Huelga decir que, para un novato en estas lides, fue todo un acontecimiento, diría que histórico, no solo por ser el primer premio que recibo en mi todavía corta vida literaria sino porque mis dos compañeros premiados, el asturiano Carlos Fernández Salinas, que se llevó el primer premio con el relato titulado “Crónicas de la inocencia”, y el riojano Ernesto Tubía Landeras, galardonado con el segundo premio por su relato “Los claveles de Zihuatanejo”, son consumados escritores premiados en numerosas ocasiones, tanto en certámenes de relatos como de novela. Por lo tanto, fue para mí todo un honor estar a su lado y conocerlos personalmente. No solo son muy buenos escritores sino también unas personas encantadoras y humildes, algo que no suele ocurrir –creo yo- entre autores repetidamente laureados. Me sentí satisfecho y a la vez abrumado. A fin de cuentas, repito, era mi primera experiencia, como la del adolescente en su primer encuentro amoroso.
 
De izquierda a derecha: Enrique Pueyo (Alcalde), Carlos Fernández Salinas (primer premio), Ernesto Tubía Landeras (segundo premio), Josep Mª Panadés (accésit), Mercedes Vaz-Romero Bernad (ganadora del primer premio del año anterior) y Pedro Arbó (gerente del centro de Morillo de Tou)
 
A la ceremonia de entrega de premios y al posterior almuerzo con representantes de la organización y algún miembro del jurado profesional, le siguieron la relajación y placer del contacto con la naturaleza en su estado más puro. Las horas siguientes, hasta el momento de la partida, el lunes por la mañana, fueron un bálsamo y a la vez un acicate para volver, una vez más, al pirineo aragonés.
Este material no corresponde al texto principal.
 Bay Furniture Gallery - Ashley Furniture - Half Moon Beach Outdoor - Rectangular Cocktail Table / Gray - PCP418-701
En esta ocasión, Tella, Revilla, Escuaín y Panticosa fueron los lugares que visitamos, sin dejar de callejear, al atardecer, por las empedradas pendientes del núcleo urbano original de Ainsa y su preciosa plaza porticada, que tantas suelas de nuestros zapatos han pisado a lo largo de nuestras repetidas e inolvidables visitas.
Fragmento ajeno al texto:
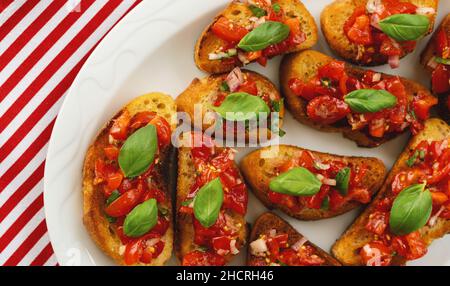 Stuzzicanti pomodoro antipasti italiani o bruschetta, su fette di pane abbrustolito baguette guarnita con basilico Foto Stock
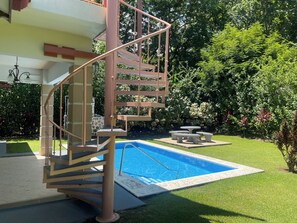 A pool area with a staircase leading to a covered deck, surrounded by lush greenery. - 175 MBPS internet, private pool, golf, beaches and Ojochal (San Buena)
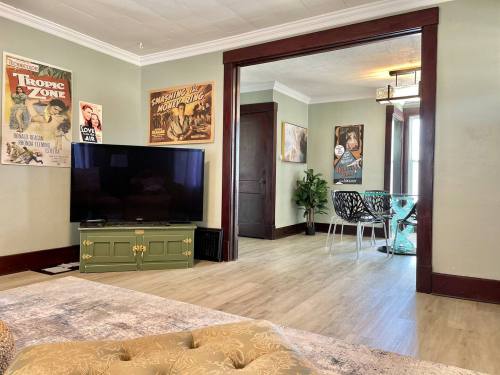 Cozy living room with a TV, vintage posters, and a glass dining area visible through an open doorway.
Ciertamente, de todas las experiencias se extrae una lección. En este caso, la lección o, mejor dicho, las lecciones aprendidas podría resumirlas así:

- Que nunca es tarde para lograr que una ilusión se haga realidad.
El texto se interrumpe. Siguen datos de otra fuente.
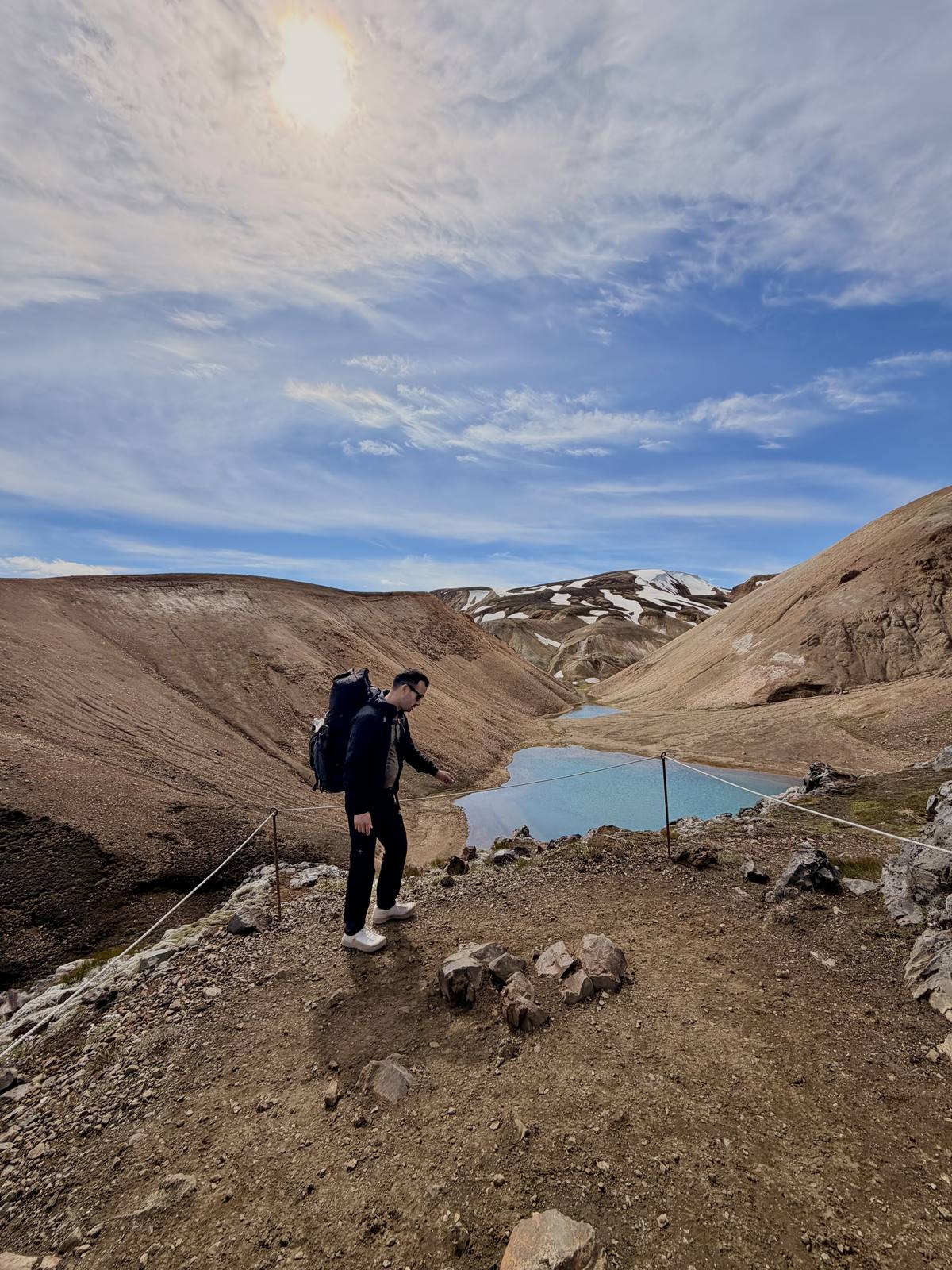 Bright blue geothermal pool along the Laugavegur Trail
- Que el tesón y la paciencia acaban dando, tarde o temprano, sus frutos.
- Que el mejor premio que se puede recibir es conocer a gentes y lugares que te hacen sentir vivo, y
- Que la mejor experiencia literaria es rodearte de quienes, conociendo el éxito, comparten contigo sus experiencias, te animan a seguir adelante y te regalan sus consejos con generosidad y sin reservas.
 
En definitiva, ha sido todo un lujo disfrutar de un fin de semana en Ainsa-Sobrarbe, tanto desde el punto de vista cultural, humano y recreativo.

Creo que, desde ahora, seré más receptivo para con los certámenes literarios. Y más paciente.